As Tuba said in earlier response, "Christian principles" covers a lot of ground. But, generally, it's plain their [the Founders] relative affinity for "Christian principles" notwithstanding, they [the Founders] created a representative-republic which is the exact antithesis of the Christian model in spite of them. [my bold for emphasis]
In fact, there is no one-size-fits-all "Christian model" of government. Over 2,000 years, the Church has operated under every conceivable type of government, from secular (that is, non-confessional) republics to monarchies under which kings claimed the right to approve the appointment of bishops themselves. St. Paul and St. Augustine, as far back as the very first centuries of Christianity, recognized the concept that the Church and the State governed two very different realms of authority. Sometimes these overlapped, but usually not too often, lest they risk the kinds of conflicts that led to the martyrdoms of people like Thomas Becket and Thomas More.
And even if the Founders had the desire to establish a more explicitly Christian nation, likely one of the reasons they didn't was to avoid the very problem that many of the first settlers of North America had fled in the first place: officially established national churches (like the Church of England) that penalized those who didn't belong to them. Had there been an effort to privilege the Anglican Church (which held claim to the largest number of people in the colonies at the time) at the Federal level, the Constitution probably never would have been ratified in the first place.There really is no such thing as a generic "Christianity." What there is, on the other hand, are Christian churches of various denominations. The "freedom of religion" protected by the 1st Amendment clearly had these various churches in mind (as well as the small number of Jews in the colonies). Trying to establish "Christianity" per se in the Constitution would have been an invitation to a cul-de-sac of endless squabbling over which version would enjoy primacy of place.
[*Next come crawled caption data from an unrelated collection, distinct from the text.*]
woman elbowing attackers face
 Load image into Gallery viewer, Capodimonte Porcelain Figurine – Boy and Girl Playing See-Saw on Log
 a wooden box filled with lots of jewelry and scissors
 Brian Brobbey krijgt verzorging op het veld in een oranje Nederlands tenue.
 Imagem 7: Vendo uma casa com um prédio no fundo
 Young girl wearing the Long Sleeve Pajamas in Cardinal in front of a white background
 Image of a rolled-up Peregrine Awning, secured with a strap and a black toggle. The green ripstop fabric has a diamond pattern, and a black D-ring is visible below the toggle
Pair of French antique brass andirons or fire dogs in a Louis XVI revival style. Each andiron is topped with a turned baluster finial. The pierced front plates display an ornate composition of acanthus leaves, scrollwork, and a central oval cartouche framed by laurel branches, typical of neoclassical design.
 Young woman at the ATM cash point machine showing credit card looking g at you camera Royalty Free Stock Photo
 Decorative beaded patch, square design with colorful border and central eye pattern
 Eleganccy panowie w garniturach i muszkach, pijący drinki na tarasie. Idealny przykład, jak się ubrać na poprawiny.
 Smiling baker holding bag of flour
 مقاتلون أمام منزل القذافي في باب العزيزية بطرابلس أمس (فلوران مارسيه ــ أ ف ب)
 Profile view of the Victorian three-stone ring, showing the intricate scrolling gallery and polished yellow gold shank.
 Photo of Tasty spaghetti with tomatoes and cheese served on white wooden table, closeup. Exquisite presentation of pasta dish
"Separation of Church and State" (which words do not appear in the Constitution, but come from a letter of Thomas Jefferson to a Baptist congregation in CT that was concerned the Federal government would infringe on its freedoms) simply means that the Constitution does not establish an "official religion"; that is, there is no National Church of the United States of America. That being said, this is not the "antithesis" of Christianity. The Church precedes the State and does not need the State to justify or provide for its existence, and has operated quite well even under various forms of persecution.
Interestingly, the Constitution--under the often now ignored 9th and 10th Amendments--did not prohibit the individual states from having officially established churches, and most of them did. Those states, for various reasons, eventually abolished these by the 1840's. That's called federalism.